International oil and gas prices remained elevated on Monday, following attacks on Middle Eastern oil facilities over the weekend and indications from the White House that the U.S.-Iran conflict could persist for several more weeks.

According to data from the American Automobile Association (AAA), the national average price for regular gasoline rose by 2 cents to just under $3.72 per gallon, marking the highest level since October 7, 2023. Since the outbreak of the U.S.-Iran conflict, U.S. gasoline prices have climbed by a cumulative 74 cents per gallon. Over the past month, prices have surged by 26.9%, representing the largest monthly increase since Hurricane Katrina.

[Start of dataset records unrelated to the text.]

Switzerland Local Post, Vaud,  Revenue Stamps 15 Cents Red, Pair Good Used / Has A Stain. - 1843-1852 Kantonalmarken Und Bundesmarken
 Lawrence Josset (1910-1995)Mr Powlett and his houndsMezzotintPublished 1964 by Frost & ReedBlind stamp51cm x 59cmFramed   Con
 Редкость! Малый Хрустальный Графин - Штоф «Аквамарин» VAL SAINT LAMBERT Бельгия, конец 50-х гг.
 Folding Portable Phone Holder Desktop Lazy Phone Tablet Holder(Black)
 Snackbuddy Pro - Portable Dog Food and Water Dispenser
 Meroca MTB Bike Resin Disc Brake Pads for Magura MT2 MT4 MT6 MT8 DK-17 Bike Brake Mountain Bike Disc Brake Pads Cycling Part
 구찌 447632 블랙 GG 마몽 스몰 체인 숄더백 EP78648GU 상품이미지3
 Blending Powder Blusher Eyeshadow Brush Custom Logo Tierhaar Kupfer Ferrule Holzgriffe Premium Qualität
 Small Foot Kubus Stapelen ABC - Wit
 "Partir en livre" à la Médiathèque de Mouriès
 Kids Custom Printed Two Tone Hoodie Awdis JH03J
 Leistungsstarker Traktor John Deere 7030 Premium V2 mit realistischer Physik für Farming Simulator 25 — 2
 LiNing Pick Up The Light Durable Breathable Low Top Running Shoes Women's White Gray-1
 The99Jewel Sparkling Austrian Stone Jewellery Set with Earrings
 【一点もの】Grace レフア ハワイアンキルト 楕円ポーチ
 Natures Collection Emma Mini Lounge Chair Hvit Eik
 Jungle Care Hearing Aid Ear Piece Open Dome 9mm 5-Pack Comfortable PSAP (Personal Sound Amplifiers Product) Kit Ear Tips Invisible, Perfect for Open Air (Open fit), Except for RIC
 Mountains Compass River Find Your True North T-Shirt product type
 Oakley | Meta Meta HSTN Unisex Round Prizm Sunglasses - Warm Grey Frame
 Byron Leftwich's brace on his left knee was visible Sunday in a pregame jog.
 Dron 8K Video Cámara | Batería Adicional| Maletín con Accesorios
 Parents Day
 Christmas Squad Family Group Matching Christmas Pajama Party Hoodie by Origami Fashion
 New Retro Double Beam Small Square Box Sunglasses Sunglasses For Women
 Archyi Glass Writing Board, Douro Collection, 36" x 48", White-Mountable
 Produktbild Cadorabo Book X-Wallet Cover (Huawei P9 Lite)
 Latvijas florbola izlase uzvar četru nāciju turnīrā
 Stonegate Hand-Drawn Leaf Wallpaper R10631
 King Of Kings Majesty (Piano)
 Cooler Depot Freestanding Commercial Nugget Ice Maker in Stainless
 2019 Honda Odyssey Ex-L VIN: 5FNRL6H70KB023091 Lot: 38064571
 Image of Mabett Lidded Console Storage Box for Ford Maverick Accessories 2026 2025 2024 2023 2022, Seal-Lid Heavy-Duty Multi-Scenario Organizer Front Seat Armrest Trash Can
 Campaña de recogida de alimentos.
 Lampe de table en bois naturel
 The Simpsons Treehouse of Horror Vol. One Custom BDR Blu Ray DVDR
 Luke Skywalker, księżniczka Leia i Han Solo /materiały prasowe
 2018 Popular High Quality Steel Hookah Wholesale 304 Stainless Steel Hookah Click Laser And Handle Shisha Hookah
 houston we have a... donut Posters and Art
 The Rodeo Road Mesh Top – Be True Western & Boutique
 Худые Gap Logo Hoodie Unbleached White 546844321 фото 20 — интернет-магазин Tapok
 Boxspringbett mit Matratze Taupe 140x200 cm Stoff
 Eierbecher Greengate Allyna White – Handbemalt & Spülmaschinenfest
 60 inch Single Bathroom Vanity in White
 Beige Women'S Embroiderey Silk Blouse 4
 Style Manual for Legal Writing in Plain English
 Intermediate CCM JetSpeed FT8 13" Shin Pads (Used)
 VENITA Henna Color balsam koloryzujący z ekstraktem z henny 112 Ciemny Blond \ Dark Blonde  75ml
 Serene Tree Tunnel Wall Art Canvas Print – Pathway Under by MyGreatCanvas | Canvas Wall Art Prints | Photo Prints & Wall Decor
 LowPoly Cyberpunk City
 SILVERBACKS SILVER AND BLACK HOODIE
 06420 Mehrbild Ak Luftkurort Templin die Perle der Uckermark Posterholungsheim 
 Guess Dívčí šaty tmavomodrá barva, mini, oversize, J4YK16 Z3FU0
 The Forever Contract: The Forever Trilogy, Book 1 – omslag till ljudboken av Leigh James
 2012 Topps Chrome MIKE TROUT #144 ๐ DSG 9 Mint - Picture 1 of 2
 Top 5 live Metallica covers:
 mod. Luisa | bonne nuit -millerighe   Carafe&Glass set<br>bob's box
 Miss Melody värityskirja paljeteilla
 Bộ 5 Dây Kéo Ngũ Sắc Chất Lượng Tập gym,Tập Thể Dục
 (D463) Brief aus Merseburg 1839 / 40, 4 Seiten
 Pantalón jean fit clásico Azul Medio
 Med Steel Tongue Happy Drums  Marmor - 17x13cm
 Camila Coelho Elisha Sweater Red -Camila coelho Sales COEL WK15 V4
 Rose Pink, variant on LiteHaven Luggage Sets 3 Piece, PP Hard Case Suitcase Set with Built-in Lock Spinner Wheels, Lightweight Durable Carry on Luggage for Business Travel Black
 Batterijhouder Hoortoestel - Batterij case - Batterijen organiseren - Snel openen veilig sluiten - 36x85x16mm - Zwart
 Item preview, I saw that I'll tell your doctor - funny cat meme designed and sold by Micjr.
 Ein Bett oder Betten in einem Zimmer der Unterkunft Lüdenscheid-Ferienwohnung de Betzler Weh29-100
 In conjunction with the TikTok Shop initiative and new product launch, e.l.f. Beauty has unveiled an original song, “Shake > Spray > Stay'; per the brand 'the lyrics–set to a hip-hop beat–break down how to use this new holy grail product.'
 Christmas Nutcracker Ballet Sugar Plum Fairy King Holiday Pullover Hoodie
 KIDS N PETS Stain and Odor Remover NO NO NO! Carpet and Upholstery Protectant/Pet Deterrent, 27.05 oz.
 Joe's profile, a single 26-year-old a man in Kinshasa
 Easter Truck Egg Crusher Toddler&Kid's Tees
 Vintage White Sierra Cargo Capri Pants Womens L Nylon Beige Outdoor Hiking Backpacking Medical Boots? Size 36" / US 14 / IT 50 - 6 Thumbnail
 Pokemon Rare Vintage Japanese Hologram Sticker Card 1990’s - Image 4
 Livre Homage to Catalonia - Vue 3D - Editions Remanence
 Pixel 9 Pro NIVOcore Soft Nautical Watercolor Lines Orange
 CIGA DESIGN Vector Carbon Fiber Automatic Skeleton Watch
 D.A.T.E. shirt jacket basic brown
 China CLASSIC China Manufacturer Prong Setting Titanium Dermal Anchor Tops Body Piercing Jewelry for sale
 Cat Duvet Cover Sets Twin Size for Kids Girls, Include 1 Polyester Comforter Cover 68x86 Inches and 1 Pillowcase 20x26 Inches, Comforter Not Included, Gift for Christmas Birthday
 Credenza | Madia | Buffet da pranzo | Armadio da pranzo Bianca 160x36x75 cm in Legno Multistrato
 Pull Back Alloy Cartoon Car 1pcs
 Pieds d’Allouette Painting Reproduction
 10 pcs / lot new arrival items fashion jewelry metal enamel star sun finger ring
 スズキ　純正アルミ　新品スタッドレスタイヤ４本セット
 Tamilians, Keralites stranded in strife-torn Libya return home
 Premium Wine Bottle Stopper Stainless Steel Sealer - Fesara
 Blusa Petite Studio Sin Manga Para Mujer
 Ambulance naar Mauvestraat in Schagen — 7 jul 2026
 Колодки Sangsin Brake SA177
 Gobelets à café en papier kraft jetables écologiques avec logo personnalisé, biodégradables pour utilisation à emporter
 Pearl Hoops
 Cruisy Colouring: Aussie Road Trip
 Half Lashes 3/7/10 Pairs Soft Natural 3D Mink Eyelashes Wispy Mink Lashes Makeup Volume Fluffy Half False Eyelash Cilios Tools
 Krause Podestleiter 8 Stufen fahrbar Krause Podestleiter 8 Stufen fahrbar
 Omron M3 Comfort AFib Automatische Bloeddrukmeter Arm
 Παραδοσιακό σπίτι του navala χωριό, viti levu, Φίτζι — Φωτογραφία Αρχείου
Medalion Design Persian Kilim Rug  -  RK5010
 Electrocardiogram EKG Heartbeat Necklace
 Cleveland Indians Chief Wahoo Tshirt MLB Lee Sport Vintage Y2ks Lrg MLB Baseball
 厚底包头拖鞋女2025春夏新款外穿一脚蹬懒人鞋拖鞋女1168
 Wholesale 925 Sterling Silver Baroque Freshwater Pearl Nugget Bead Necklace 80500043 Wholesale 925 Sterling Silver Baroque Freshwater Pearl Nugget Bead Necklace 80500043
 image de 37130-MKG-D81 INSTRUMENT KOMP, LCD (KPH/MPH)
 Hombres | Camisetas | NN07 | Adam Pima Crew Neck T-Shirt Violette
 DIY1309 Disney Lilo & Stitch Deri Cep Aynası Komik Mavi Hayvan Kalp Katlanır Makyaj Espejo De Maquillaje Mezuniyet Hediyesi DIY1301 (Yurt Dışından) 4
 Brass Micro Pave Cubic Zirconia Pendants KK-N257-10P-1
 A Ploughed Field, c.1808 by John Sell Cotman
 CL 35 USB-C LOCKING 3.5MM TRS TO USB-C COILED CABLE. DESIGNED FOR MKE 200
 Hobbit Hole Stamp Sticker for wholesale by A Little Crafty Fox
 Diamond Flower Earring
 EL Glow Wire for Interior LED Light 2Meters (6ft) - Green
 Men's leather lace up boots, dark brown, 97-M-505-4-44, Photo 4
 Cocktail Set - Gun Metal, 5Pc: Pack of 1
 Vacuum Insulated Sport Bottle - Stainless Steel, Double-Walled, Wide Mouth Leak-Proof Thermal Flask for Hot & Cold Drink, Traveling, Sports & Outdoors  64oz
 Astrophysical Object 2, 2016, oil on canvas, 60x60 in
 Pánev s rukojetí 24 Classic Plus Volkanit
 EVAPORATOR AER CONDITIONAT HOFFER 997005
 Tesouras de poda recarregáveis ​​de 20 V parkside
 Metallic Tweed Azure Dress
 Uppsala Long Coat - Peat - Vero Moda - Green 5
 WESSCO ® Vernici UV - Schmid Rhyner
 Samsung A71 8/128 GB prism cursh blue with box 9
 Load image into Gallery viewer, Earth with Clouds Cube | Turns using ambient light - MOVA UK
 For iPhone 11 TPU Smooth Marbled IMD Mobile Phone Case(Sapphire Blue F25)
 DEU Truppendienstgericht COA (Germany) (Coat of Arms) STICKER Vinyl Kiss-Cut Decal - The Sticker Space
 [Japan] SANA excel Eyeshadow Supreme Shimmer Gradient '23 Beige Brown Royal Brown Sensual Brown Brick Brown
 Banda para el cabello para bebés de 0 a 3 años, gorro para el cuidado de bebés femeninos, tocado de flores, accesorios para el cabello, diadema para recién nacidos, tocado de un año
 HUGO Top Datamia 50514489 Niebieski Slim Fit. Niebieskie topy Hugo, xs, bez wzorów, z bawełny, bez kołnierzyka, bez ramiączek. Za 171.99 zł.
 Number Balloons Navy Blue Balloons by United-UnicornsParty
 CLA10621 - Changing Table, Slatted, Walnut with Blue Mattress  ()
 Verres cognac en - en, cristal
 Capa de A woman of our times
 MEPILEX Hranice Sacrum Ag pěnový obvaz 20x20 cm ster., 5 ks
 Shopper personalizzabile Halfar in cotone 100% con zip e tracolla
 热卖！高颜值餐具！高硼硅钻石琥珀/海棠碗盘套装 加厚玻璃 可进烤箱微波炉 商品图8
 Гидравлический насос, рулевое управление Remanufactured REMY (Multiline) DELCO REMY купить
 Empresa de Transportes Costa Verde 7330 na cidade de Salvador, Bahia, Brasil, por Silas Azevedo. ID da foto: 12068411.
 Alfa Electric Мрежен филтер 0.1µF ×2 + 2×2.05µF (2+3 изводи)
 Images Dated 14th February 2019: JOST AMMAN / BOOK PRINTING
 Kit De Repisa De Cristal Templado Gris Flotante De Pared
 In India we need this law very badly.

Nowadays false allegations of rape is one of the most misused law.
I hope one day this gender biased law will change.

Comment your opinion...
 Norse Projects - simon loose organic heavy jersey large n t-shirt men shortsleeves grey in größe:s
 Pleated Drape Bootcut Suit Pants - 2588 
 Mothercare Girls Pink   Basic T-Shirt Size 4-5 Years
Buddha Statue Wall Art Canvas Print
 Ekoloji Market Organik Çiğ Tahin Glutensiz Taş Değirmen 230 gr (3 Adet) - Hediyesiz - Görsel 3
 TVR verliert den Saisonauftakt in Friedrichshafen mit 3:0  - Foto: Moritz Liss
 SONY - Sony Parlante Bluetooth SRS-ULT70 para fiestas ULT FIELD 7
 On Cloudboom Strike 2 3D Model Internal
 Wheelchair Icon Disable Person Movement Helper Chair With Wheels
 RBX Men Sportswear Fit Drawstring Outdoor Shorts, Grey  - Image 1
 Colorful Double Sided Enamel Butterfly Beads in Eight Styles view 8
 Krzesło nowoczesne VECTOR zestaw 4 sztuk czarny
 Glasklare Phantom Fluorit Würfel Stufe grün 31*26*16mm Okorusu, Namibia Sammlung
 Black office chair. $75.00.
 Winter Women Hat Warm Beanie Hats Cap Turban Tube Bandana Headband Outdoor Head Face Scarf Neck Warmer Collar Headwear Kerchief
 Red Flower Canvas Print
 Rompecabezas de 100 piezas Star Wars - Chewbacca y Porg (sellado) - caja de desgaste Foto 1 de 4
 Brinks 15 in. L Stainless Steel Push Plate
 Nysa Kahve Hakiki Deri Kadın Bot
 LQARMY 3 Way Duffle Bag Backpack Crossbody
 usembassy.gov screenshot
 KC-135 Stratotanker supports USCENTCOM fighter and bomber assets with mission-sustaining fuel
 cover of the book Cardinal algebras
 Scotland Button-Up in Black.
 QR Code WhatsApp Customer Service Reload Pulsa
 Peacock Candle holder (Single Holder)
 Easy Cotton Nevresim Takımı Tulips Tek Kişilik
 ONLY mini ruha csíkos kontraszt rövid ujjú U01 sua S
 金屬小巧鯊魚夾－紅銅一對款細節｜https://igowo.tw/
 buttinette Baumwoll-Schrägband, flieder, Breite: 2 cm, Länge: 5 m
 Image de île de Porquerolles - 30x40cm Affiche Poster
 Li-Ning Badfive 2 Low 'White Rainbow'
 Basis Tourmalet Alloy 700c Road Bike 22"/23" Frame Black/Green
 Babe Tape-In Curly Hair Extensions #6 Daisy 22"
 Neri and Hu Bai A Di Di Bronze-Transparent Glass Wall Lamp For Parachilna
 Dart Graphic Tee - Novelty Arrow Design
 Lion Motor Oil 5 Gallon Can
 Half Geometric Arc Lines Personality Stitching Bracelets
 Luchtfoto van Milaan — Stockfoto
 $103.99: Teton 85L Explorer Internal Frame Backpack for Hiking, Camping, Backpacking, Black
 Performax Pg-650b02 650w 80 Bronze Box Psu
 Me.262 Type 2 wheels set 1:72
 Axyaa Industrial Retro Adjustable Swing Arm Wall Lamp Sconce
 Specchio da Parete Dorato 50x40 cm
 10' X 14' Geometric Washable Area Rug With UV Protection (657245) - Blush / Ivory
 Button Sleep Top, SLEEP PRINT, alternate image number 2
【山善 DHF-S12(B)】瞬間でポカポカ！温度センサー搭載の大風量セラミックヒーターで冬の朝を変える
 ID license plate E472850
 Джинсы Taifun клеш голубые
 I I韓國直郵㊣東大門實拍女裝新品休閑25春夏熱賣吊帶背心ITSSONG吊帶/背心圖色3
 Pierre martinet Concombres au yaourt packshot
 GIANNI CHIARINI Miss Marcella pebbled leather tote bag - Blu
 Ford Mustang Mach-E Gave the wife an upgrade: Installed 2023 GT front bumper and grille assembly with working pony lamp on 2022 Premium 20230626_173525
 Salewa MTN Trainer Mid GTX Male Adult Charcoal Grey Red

This sharp price increase directly impacts one of President Trump's key policy achievements. During his second term, gasoline prices had been on a sustained downward trend, falling below $3 per gallon in December of last year to their lowest level since May 2021. The rise in diesel prices has been even more dramatic, increasing by $1.24 per gallon since the conflict began. The current average price for diesel is $4.99, approaching the $5 threshold for the first time since December 2022. Several freight companies have begun imposing significant fuel surcharges, costs that are likely to be passed on to consumers.

On Monday, the global benchmark Brent crude edged up to $103.50 per barrel, while the U.S. benchmark West Texas Intermediate (WTI) crude fell by 1% to approximately $98 per barrel.

Last week, following a U.S.-Israel strike on Iran, Iran effectively closed the Strait of Hormuz, barring most oil tankers from passage. This action triggered what could be the most severe oil supply disruption in history, as approximately 20% of the world's oil supply transits through this waterway. Consequently, both Brent and U.S. crude prices soared to their highest levels since 2022.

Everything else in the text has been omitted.